Diversas interpretaciones han sido ensayadas, con referencia a las protestas que han sacudido varios países de América Latina. Tales análisis tienen un denominador común: el énfasis sobre factores socioeconómicos, y la ausencia de una adecuada consideración de los factores irracionales que intervienen en el curso de la historia, entre los cuales se encuentra la pura, simple y extendida estupidez.
Por estupidez entendemos la reiterada propensión de los seres humanos, comprobada durante siglos, a repetir errores, a hacer caso omiso de la experiencia ajena y aún de la propia, y a conducirnos de modo tal que nuestras acciones nos perjudiquen y produzcan lo contrario de lo que en apariencia deseamos y buscamos.
Dicho lo anterior, aclaramos que el panorama de las protestas es complejo y desigual. De un lado, por ejemplo, tenemos el caso positivo de Bolivia, donde la gente se ha quitado de encima, esperamos que definitivamente, a un dictador y demagogo; y de otro lado el de Chile, una sociedad que ha prosperado de manera sustancial y comprobable por décadas, y que bien podría afrontar sus problemas y corregir sus fallas y dificultades sin el uso de la violencia. Menos aún de una violencia tan feroz, ciega e insensata como la que hemos observado. El punto es que, por suerte, la estupidez no es constante sino variable.
No dudamos que factores externos, sumados a grupos organizados y radicalizados en el plano doméstico, hayan impulsado en alguna medida las protestas chilenas. Pero no debemos exagerar y atribuir fenómenos políticos complejos a causas unilaterales, ni conceder a los gobiernos de Cuba y Venezuela capacidades excesivas y prácticamente invencibles. Debemos igualmente tomar en cuenta, repetimos, factores irracionales, el papel del azar, y la simple pero silvestre estupidez que nos aqueja, y que creemos ha jugado un papel –no exclusivo—en el caso chileno.
Los testimonios que hemos visto y escuchado, en particular de parte numerosos jóvenes participantes en la rebelión en Chile, indican que se trata de una generación cuyos puntos de referencia con relación al pasado son superficiales, débiles y ambiguos. No conocieron los tiempos de Allende, no experimentaron el caos del régimen de la Unidad Popular ni las razones del golpe militar. De la figura de Pinochet, de su gobierno, de su terminación, y de los esfuerzos que luego se hicieron para convertir a Chile en un país democrático y económicamente viable, con índices sociales envidiables en comparación a buena parte de América Latina, los rebeldes parecieran tener un conocimiento superficial o nulo.

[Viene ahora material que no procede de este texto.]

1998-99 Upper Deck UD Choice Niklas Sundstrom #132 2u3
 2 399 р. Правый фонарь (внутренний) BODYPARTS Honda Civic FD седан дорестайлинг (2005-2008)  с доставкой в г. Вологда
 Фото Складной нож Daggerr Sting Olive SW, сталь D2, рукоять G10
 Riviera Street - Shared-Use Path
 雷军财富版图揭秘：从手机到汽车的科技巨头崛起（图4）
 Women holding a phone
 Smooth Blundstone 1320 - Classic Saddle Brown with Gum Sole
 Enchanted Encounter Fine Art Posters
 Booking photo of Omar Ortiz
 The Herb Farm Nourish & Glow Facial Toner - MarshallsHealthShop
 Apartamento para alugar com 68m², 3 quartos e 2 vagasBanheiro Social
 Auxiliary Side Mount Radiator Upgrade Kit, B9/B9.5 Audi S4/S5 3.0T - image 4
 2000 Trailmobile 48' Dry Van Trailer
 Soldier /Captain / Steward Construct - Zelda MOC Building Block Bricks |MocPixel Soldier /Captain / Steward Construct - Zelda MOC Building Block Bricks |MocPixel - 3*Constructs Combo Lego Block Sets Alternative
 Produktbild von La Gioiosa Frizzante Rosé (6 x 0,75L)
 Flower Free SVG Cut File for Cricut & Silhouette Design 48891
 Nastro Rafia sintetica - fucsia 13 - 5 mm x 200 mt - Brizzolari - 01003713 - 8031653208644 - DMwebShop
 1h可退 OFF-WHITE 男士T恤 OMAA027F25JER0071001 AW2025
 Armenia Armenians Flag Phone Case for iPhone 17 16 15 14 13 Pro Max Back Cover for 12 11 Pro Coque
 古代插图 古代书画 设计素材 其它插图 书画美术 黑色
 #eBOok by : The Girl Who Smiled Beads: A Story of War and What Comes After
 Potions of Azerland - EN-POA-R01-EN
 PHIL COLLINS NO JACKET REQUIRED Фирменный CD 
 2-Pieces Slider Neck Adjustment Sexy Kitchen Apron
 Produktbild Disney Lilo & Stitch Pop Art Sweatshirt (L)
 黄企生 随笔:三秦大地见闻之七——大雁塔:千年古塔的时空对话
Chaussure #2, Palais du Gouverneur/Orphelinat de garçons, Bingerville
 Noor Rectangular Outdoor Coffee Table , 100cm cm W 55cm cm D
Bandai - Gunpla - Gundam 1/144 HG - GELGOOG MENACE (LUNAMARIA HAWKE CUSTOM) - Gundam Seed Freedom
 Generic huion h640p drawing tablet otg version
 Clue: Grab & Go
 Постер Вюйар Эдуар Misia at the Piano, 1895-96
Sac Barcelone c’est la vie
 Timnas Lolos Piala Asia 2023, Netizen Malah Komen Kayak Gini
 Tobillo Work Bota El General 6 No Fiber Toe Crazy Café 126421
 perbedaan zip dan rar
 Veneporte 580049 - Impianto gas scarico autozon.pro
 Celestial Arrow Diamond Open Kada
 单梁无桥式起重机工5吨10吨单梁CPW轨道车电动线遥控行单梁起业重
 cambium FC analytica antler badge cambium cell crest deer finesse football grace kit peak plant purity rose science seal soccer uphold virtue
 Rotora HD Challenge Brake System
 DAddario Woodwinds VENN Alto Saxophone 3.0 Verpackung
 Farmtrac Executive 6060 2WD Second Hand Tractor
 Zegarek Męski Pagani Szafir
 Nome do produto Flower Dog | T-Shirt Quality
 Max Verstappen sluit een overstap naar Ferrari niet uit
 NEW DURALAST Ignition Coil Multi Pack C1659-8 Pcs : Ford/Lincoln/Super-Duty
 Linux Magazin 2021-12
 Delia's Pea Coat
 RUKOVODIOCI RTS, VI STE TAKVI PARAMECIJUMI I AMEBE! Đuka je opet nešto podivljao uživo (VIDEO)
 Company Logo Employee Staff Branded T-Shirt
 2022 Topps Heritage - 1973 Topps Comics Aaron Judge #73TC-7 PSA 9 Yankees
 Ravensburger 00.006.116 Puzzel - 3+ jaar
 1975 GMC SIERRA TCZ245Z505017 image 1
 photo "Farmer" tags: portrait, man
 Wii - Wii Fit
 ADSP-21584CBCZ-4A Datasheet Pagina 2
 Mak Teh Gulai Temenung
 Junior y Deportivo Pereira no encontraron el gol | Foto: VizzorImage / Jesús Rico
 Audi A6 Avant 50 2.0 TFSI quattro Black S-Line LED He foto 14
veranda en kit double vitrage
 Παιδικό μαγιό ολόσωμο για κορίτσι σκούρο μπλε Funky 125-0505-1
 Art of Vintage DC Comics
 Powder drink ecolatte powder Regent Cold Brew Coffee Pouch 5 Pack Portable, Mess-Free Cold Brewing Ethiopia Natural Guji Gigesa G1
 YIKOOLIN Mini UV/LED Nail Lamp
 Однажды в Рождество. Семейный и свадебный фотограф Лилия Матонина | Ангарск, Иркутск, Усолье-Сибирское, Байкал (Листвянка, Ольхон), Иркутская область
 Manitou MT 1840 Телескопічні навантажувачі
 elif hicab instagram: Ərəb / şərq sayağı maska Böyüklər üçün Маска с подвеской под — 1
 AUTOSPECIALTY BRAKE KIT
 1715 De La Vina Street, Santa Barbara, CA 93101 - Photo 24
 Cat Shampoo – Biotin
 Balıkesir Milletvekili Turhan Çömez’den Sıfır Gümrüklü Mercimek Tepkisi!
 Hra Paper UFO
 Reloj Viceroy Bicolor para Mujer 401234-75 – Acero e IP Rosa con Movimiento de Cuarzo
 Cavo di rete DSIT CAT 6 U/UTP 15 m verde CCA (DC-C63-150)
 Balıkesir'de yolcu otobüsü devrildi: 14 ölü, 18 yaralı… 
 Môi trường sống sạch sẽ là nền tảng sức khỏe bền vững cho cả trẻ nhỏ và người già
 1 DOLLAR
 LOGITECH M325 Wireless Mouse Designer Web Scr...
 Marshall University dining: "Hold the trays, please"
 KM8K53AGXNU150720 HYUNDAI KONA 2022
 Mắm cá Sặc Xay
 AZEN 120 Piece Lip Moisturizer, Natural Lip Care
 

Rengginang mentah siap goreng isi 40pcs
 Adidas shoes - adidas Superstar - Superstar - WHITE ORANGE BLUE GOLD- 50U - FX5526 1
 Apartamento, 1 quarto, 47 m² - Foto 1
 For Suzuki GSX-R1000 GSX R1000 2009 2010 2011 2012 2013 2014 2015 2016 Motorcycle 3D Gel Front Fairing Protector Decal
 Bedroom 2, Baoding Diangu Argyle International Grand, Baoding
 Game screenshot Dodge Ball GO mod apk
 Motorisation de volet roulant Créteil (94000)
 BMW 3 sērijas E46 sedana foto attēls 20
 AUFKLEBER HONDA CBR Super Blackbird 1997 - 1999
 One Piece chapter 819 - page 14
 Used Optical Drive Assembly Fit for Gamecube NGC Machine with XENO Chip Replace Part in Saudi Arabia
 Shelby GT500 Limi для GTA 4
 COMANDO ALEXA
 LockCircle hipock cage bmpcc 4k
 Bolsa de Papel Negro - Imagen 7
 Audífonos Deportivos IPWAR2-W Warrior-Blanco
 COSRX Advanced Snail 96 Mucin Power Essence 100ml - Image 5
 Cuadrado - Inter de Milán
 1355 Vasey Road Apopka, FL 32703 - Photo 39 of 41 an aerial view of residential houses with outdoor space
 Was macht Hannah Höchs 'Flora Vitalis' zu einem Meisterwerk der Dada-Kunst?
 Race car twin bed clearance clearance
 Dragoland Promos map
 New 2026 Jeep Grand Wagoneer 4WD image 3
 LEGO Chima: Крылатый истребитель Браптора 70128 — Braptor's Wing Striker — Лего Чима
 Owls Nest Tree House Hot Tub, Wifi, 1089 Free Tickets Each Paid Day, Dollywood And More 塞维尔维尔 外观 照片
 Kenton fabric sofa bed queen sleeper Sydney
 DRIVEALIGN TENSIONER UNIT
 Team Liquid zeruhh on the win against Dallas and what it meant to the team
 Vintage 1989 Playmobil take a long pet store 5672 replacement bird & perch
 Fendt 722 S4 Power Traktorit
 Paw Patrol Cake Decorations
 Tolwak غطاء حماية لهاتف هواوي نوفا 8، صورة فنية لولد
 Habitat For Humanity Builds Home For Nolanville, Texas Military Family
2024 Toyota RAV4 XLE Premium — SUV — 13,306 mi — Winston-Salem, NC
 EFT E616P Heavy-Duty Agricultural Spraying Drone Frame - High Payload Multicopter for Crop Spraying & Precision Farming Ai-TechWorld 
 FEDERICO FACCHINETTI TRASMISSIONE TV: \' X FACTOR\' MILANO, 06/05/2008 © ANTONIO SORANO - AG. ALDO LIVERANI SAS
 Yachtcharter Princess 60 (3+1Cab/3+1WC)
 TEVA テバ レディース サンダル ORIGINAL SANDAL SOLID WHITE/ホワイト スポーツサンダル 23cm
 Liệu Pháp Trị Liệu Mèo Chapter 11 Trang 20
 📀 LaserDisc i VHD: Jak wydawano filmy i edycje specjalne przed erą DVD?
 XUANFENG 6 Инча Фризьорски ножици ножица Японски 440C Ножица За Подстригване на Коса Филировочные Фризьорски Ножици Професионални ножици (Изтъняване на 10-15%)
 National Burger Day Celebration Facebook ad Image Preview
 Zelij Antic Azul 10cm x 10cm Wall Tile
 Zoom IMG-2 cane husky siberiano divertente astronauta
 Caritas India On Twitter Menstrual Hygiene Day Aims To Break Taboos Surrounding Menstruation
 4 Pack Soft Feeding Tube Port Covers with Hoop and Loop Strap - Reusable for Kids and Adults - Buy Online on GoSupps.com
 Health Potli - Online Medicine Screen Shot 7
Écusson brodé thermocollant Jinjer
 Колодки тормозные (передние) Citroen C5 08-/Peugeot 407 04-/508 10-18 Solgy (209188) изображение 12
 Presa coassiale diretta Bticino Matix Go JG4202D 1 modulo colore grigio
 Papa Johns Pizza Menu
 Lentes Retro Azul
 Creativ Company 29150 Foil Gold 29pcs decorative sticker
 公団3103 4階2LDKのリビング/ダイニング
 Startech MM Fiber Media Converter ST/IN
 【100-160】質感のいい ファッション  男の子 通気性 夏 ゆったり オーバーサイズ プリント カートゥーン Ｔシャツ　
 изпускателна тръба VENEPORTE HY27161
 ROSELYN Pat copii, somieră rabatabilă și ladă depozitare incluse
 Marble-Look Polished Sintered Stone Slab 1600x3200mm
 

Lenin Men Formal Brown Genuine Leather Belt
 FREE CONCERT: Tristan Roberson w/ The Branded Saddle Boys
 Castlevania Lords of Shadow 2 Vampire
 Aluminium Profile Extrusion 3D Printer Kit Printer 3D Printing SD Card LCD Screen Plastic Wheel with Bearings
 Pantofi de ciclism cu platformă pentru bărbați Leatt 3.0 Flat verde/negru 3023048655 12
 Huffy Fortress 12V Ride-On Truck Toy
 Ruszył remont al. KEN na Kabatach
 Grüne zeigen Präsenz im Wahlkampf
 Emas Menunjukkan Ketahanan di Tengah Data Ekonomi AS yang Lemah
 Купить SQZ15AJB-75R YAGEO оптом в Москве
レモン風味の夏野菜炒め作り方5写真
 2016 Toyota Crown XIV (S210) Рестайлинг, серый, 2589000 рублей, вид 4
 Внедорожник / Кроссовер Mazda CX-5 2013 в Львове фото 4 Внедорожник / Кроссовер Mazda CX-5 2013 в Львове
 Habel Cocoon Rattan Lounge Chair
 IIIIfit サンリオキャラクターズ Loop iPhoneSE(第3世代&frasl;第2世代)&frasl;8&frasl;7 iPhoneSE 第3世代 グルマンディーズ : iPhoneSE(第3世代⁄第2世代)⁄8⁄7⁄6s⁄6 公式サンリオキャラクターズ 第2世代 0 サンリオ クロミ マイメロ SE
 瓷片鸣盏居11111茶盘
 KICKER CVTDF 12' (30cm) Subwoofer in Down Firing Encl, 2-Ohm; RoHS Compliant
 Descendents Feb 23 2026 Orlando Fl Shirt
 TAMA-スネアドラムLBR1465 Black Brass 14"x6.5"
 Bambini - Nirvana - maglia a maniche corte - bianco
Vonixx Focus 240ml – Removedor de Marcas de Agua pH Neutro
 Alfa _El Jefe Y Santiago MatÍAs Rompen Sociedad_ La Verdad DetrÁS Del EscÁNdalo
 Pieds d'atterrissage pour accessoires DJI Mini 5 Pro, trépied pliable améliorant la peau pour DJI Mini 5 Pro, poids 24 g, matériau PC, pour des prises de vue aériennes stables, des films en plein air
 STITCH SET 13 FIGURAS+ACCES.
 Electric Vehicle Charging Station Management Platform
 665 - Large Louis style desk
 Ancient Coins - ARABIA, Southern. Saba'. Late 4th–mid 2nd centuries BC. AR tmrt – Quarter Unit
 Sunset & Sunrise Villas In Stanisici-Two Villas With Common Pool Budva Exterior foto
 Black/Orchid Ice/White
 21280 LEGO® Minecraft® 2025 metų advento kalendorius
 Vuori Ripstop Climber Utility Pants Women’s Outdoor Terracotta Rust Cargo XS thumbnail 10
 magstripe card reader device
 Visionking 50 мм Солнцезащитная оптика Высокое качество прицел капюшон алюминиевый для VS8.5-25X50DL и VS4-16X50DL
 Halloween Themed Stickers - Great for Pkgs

Sería necesario profundizar en el estudio del tema, pero no creemos extraviarnos al sostener que, en especial si tomamos en cuenta el trágico espejo venezolano, acerca del que los rebeldes deberían tener noticias, las protestas chilenas se han caracterizado por una intervención notable del factor estupidez en los asuntos humanos. ¿Acaso desean repetir en su país la pesadilla venezolana?
La naturaleza violenta y destructiva de la rebelión chilena, que ocurre en un momento en que la tragedia venezolana expone lo que significa el derrumbe de las prácticas democráticas y del camino reformista frente al revolucionario, ese extremismo y esa violencia –insistimos– ponen de manifiesto una fatal ausencia de racionalidad y ponderación, y una especie de pulsión suicida. Ni siquiera el drama atroz de un país, Venezuela, que tanto hizo en su momento por promover y defender la democracia y por acoger a los refugiados de las dictaduras, ha sido suficiente para contener una oleada de estupidez tan insensata como la que se ha desatado en Chile.
El panorama regional, dentro del cual el cambio en Bolivia se yergue como una maravillosa excepción, indica que por desgracia es cierto aquello de que cada generación tiene derecho a hundirse por sus propios medios, y a sufrir cada vez de nuevo el destino inexorable de los experimentos revolucionarios.
¿Cómo combatir la estupidez? La tarea es complicada, pero una parte fundamental de la misma corresponde al liderazgo, al papel pedagógico que los dirigentes democráticos deben cumplir en sus respectivas sociedades, para garantizar que las nuevas generaciones aprendan de la historia, reciban una versión equilibrada del pasado y su significado, y comprendan los desafíos del presente sin recurrir a fórmulas simplistas, que siempre culminan en atraso y opresión.
Cabe preguntarse si la dirigencia política democrática en Chile ha llevado adelante esa misión pedagógica con la lucidez y tenacidad necesarias. Pero en todo caso, no sería justo singularizar al presidente Piñera. Basta contemplar, del otro lado de la frontera chilena, lo ocurrido en las recientes elecciones argentinas. Resulta difícil hallar una prueba más nítida de reiterada estupidez, en una sociedad evaluada como de las más cultas y avanzadas en la región.